An integrated discriminative probabilistic approach to information extraction

  • Authors:
  • Xiaofeng Yu;Wai Lam;Bo Chen

  • Affiliations:
  • The Chinese University of Hong Kong, Hong Kong, China;The Chinese University of Hong Kong, Hong Kong, China;The Chinese University of Hong Kong, Hong Kong, China

  • Venue:
  • Proceedings of the 18th ACM conference on Information and knowledge management
  • Year:
  • 2009

Quantified Score

Hi-index 0.00

Visualization

Abstract

Probabilistic graphical models for sequence data enable us to effectively deal with inherent uncertainty in many real-world domains.
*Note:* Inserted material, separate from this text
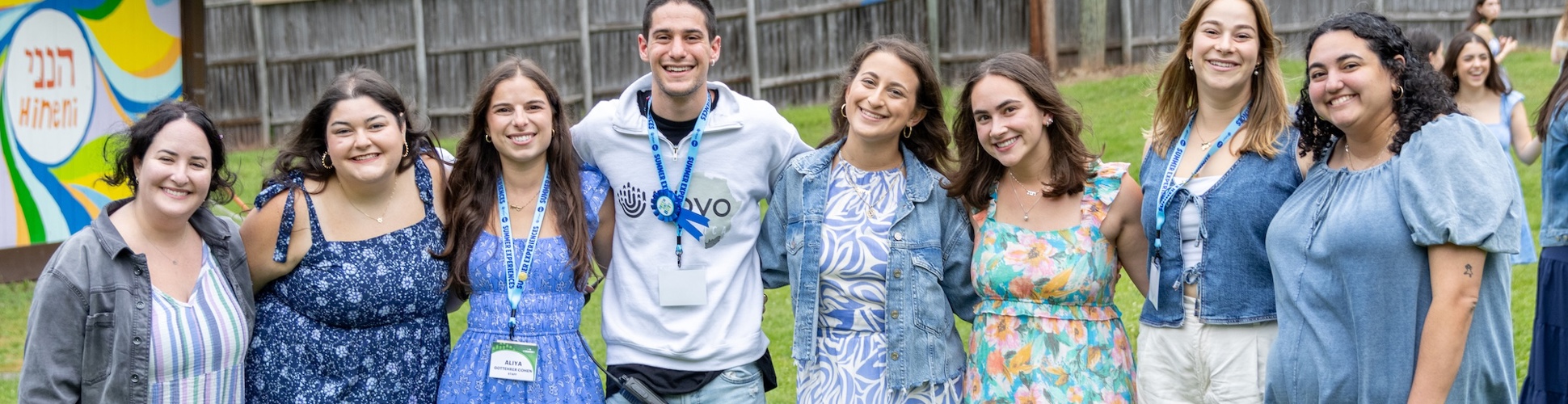 Group of diverse young people smiling at a community event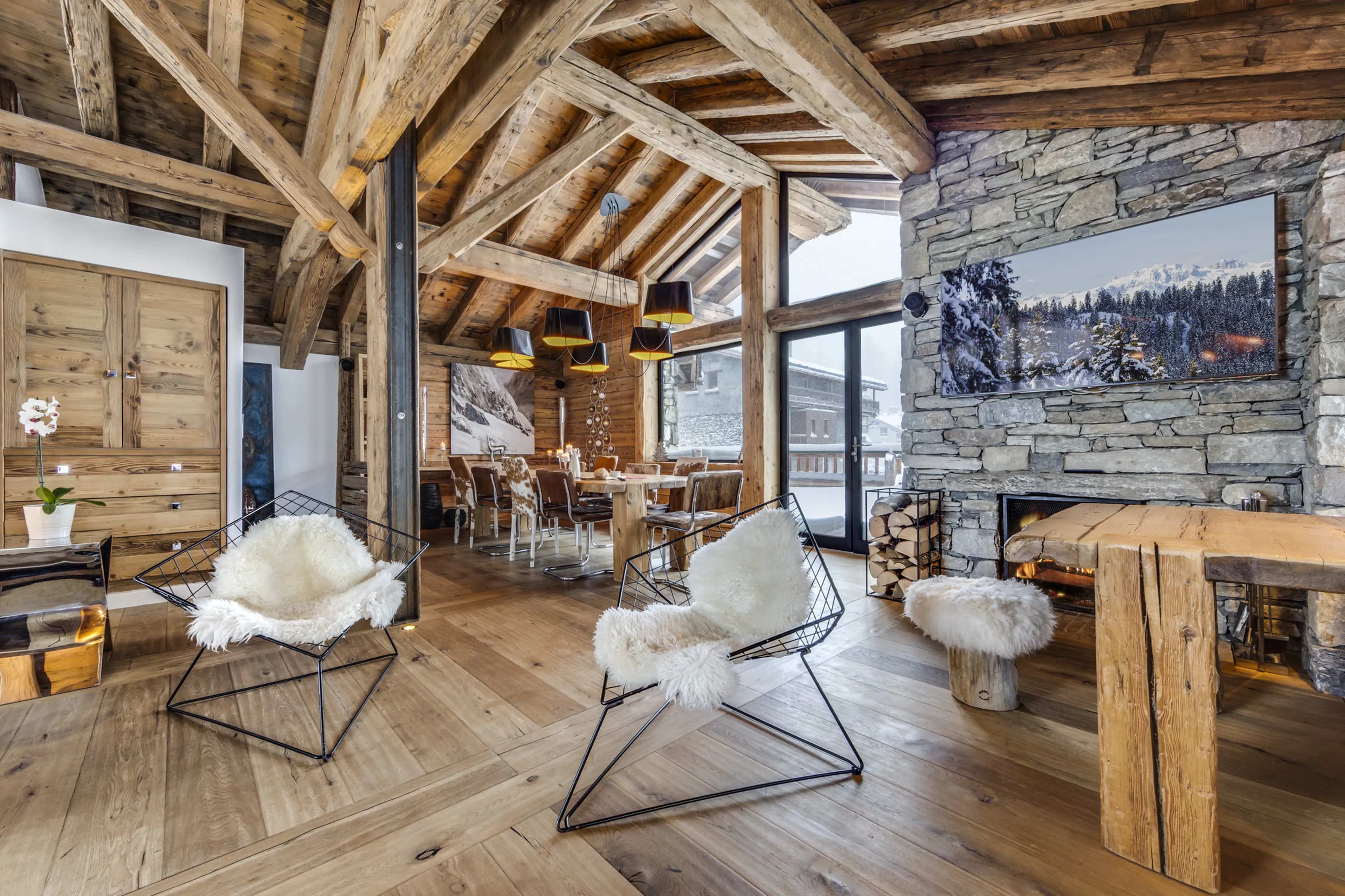 Fireplace in living area at Chalet Vieux Pont in Val d'Isere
However, they operate on a mostly propositional level. Logic approaches, on the other hand, can compactly represent a wide variety of knowledge, especially first-order ones, but treat uncertainty only in limited ways. Therefore, combining probability and first-order logic is highly desirable for information extraction which requires uncertainty modeling as well as dependency and deeper knowledge representation. In this paper, we model both segmentations in observation sequence and relations of segments simultaneously in our proposed integrated discriminative probabilistic framework. We propose the Metropolis-Hastings, a Markov chain Monte Carlo (MCMC) algorithm for approximate Bayesian inference to find the maximum a posteriori assignment of all the variables of this model. This integrated model has several advantages over previous probabilistic graphical models, and it offers a great capability of extracting implicit relations and new relation discovery for relation extraction from encyclopedic documents, and capturing sub-structures in named entities for named entity recognition. We performed extensive experiments on the above two well-established information extraction tasks, illustrating the feasibility and promise of our approach.